*** Opening of Material provided ***

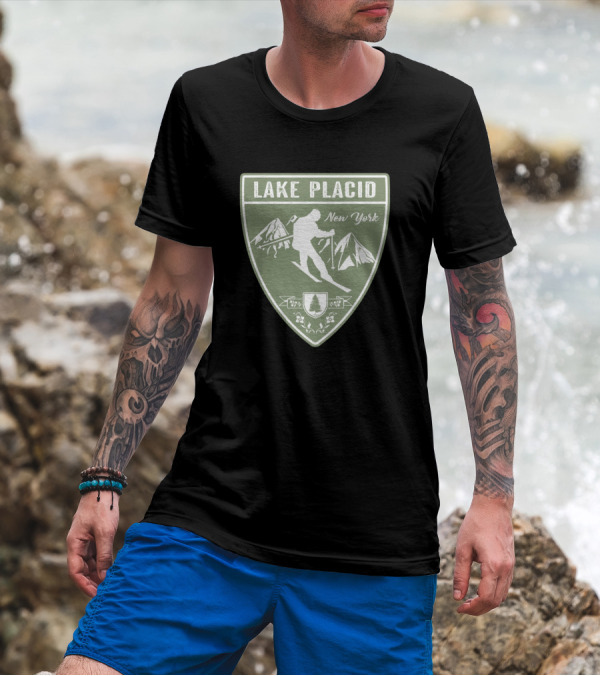 Lake Placid New York Skiing Shield With Mountains And Skier T-Shirt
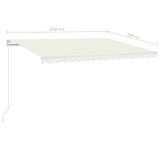 Tenda na ručno uvlačenje 450 x 300 cm krem 3068917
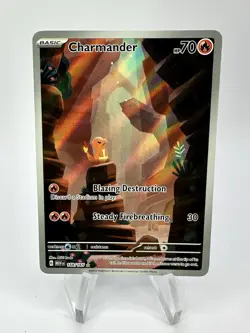 Pokemon Charmander Illustration Scarlet & Violet 151 Holo Card 168/165 Sv: Rare - Image 1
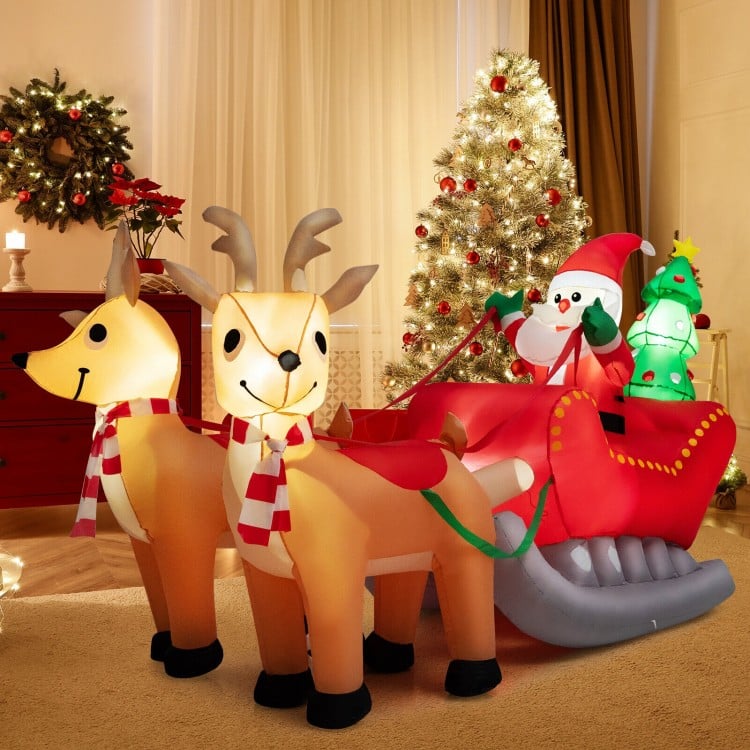 7.2 Feet Long Christmas Inflatable Santa Rides Sled with LED Lights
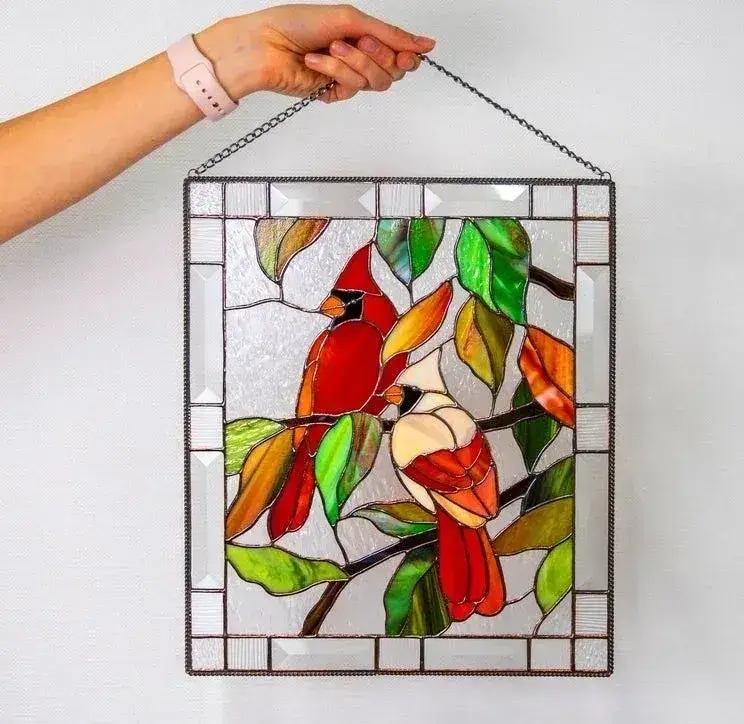 🎉Mother's Day Pre-sale - 49% OFF-Cardinal Stained Glass Window Panel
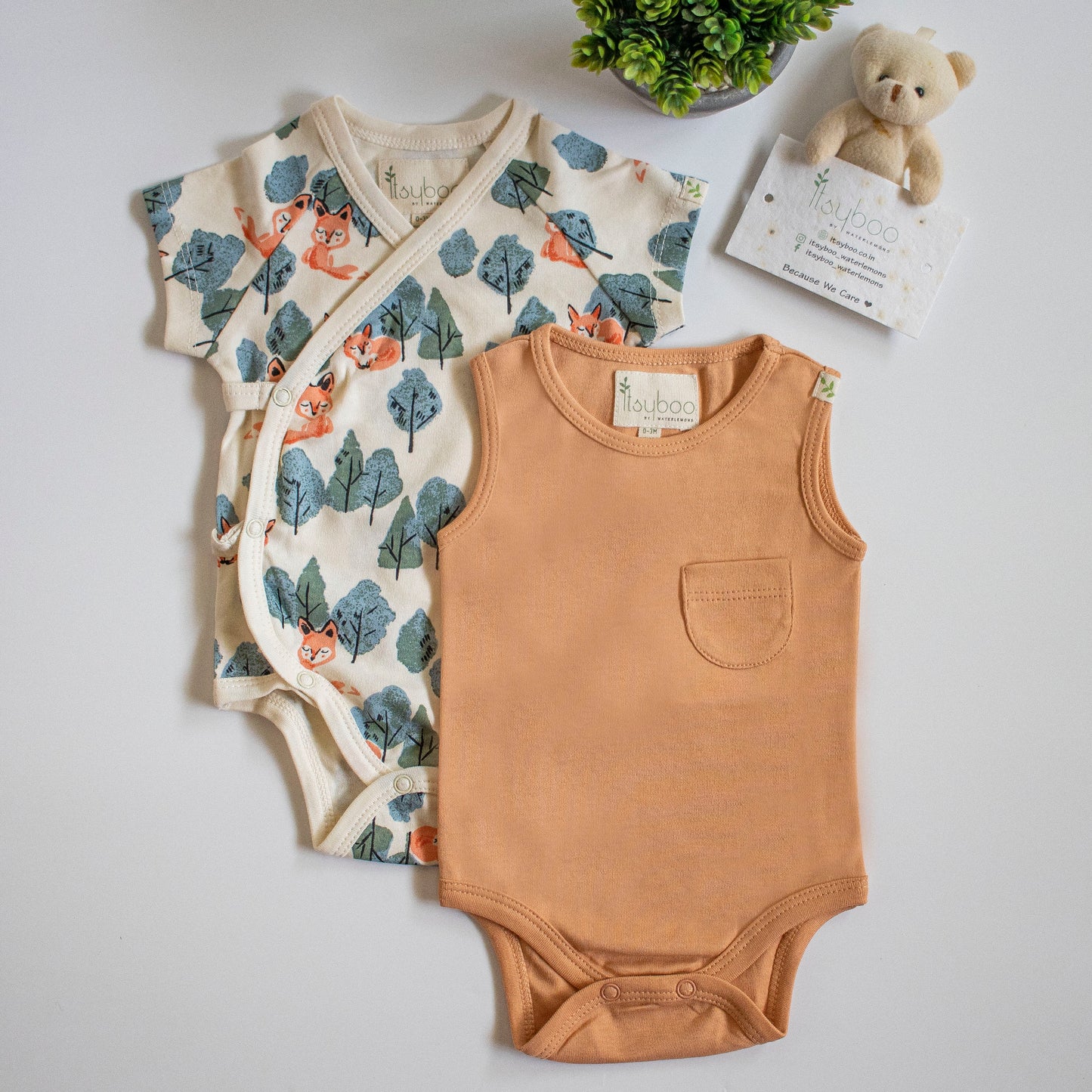 6 Piece Baby Shower Gift Set- Fox & Coral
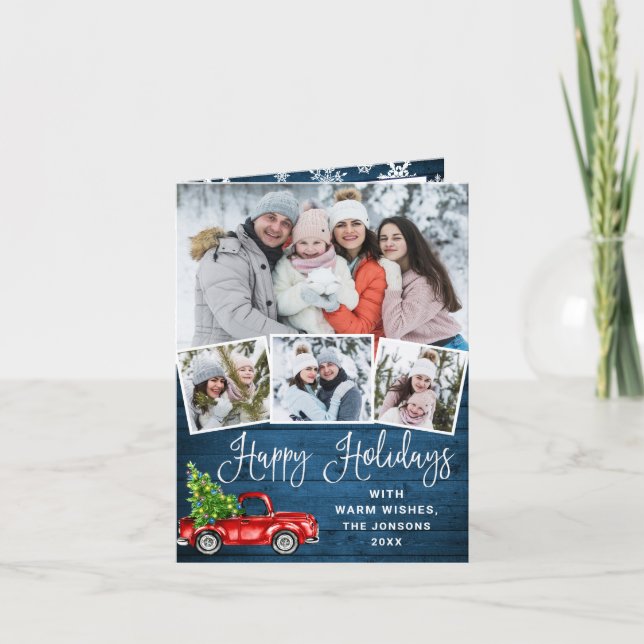 Tarjeta Festiva Felices Fiestas Navidades Camión de Granja Roja 4  (Anverso)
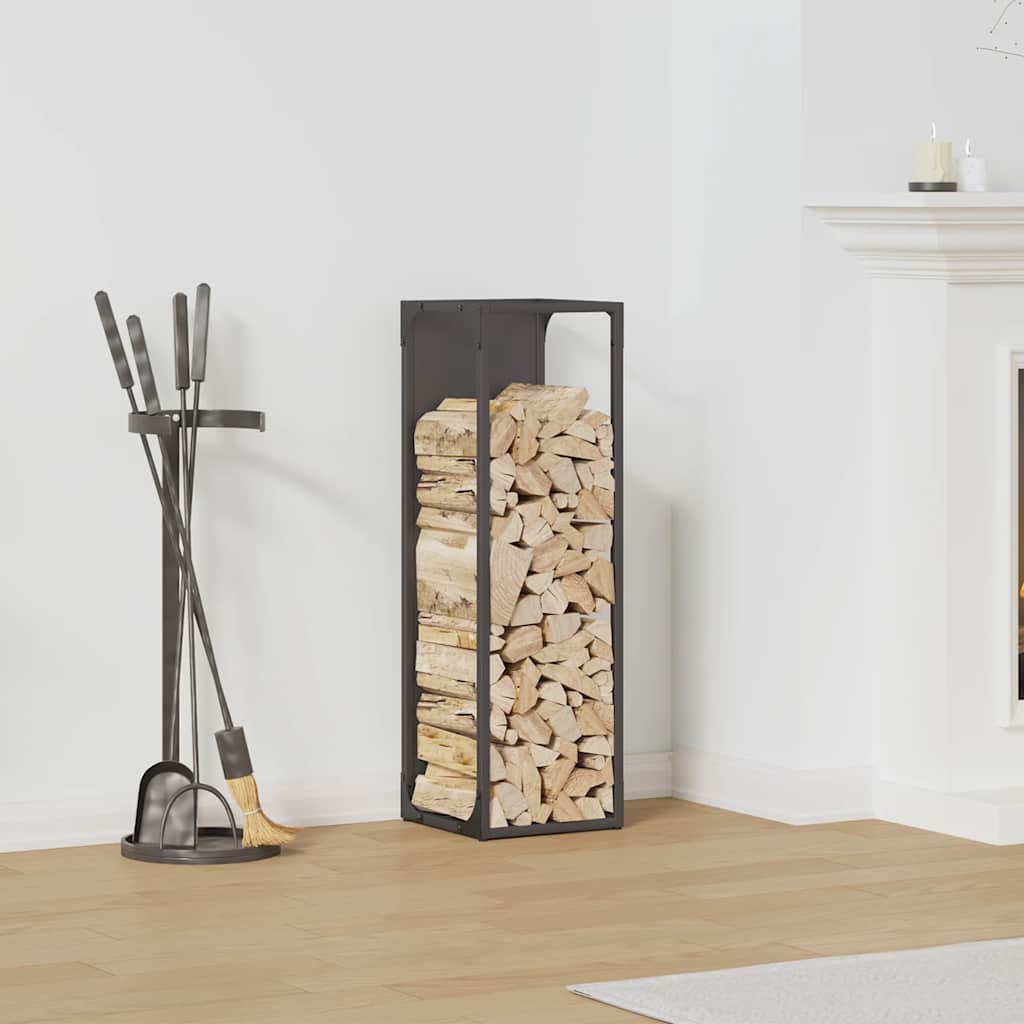 vidaXL Firewood Rack Black 25x25x80 cm Cold-rolled steel 1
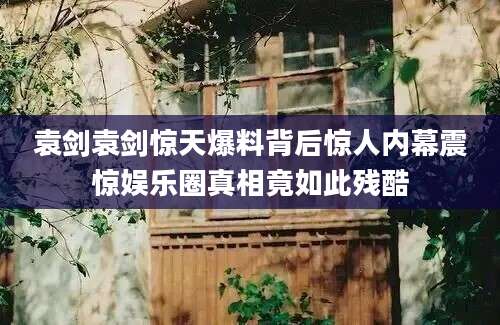 袁剑袁剑惊天爆料背后惊人内幕震惊娱乐圈真相竟如此残酷
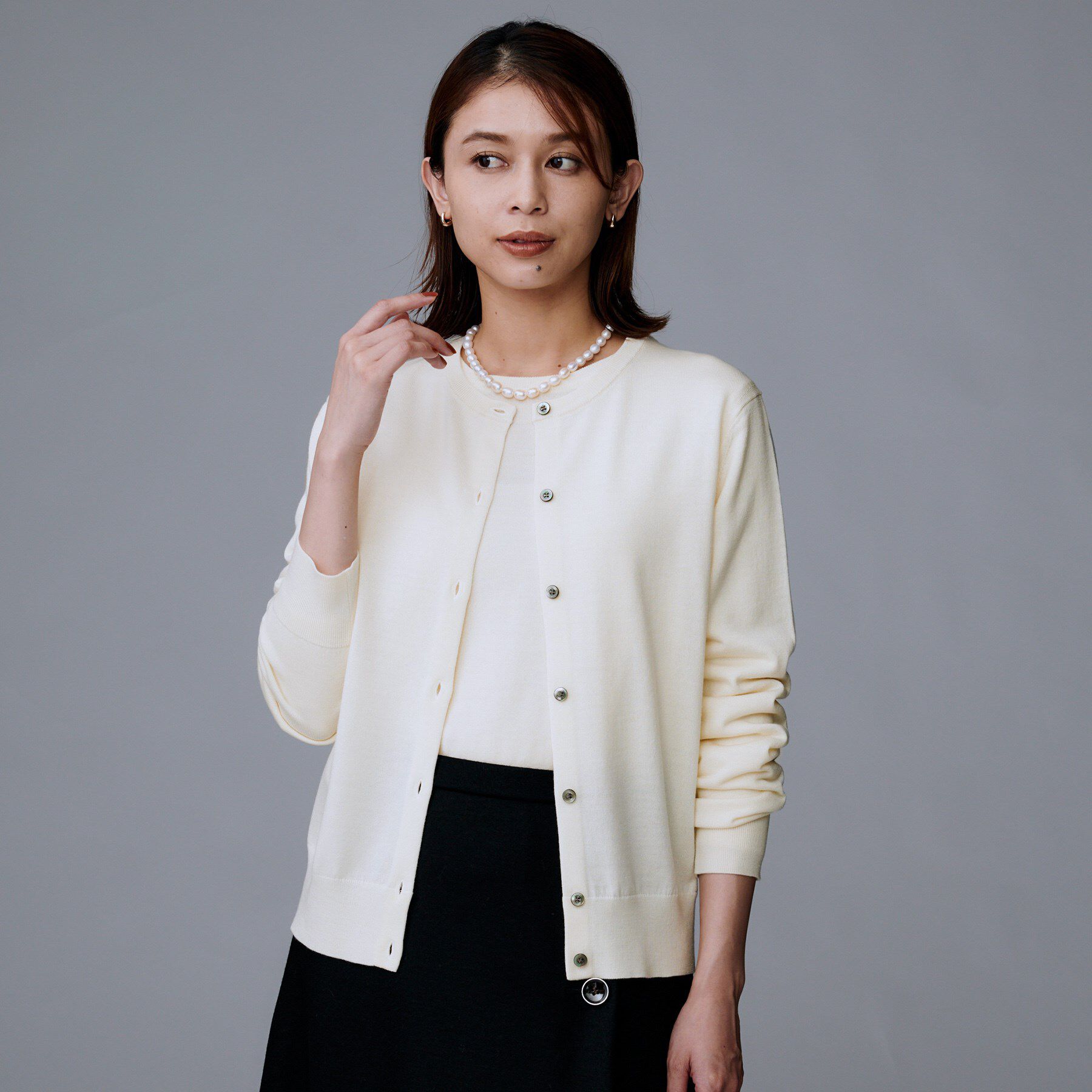 UNTITLED「【洗える/アンサンブル可/ウール100%】ウールクルーカーディガン」|カーディガン|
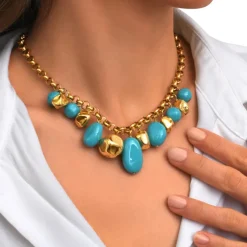 Loulou chunky chain necklace – turquoise and gold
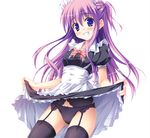  black_legwear blush garter_belt grin long_hair maid original panties purple_eyes purple_hair skirt skirt_lift smile solo thighhighs underwear yuurei_yashiki 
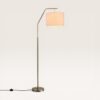 Delion - Staande LED lamp Goud Metaal - E27 fitting - 165 cm - Klassiek Rustiek Scandinavisch Design - IP20 Voor binnen - Linnen kap - Met voetschakelaar | LUSENZ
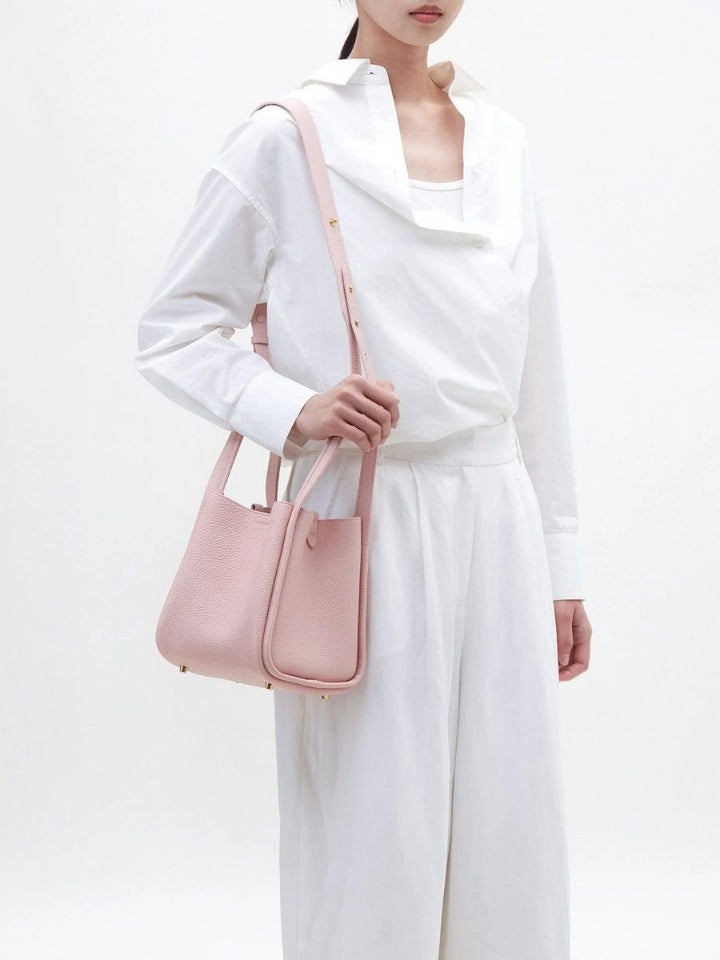 Muse Pebbled Mini Tote Bag - Milk Apricot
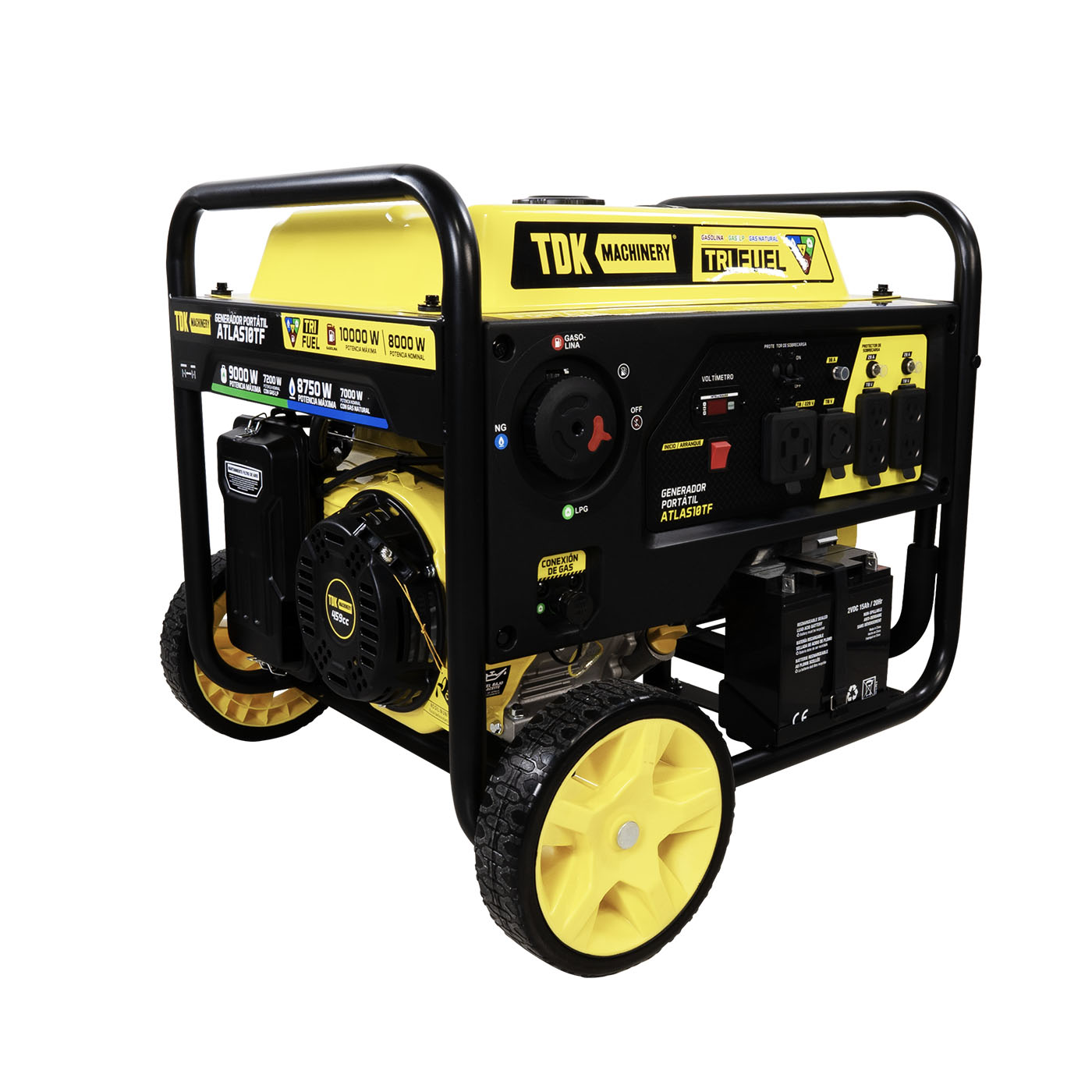 Generador Profesional 3 en 1 Gasolina/Gas Lp/Gas Natural TDK Machinery 10KW 110v/220v - ATLAS10TF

*** Close of Material provided ***

Output should consist of the lines above from the one with "Tenda na ručno" down to the one with "Muse Pebbled Mini Tote Bag - Milk Apricot", exact and without pictures.

## Solution to the problem
 Tenda na ručno uvlačenje 450 x 300 cm krem 3068917
 Pokemon Charmander Illustration Scarlet & Violet 151 Holo Card 168/165 Sv: Rare - Image 1
 7.2 Feet Long Christmas Inflatable Santa Rides Sled with LED Lights
 🎉Mother's Day Pre-sale - 49% OFF-Cardinal Stained Glass Window Panel
 6 Piece Baby Shower Gift Set- Fox & Coral
 Tarjeta Festiva Felices Fiestas Navidades Camión de Granja Roja 4  (Anverso)
 vidaXL Firewood Rack Black 25x25x80 cm Cold-rolled steel 1
 袁剑袁剑惊天爆料背后惊人内幕震惊娱乐圈真相竟如此残酷
 UNTITLED「【洗える/アンサンブル可/ウール100%】ウールクルーカーディガン」|カーディガン|
 Loulou chunky chain necklace – turquoise and gold
  black_legwear blush garter_belt grin long_hair maid original panties purple_eyes purple_hair skirt skirt_lift smile solo thighhighs underwear yuurei_yashiki 
 Delion - Staande LED lamp Goud Metaal - E27 fitting - 165 cm - Klassiek Rustiek Scandinavisch Design - IP20 Voor binnen - Linnen kap - Met voetschakelaar | LUSENZ
 Muse Pebbled Mini Tote Bag - Milk Apricot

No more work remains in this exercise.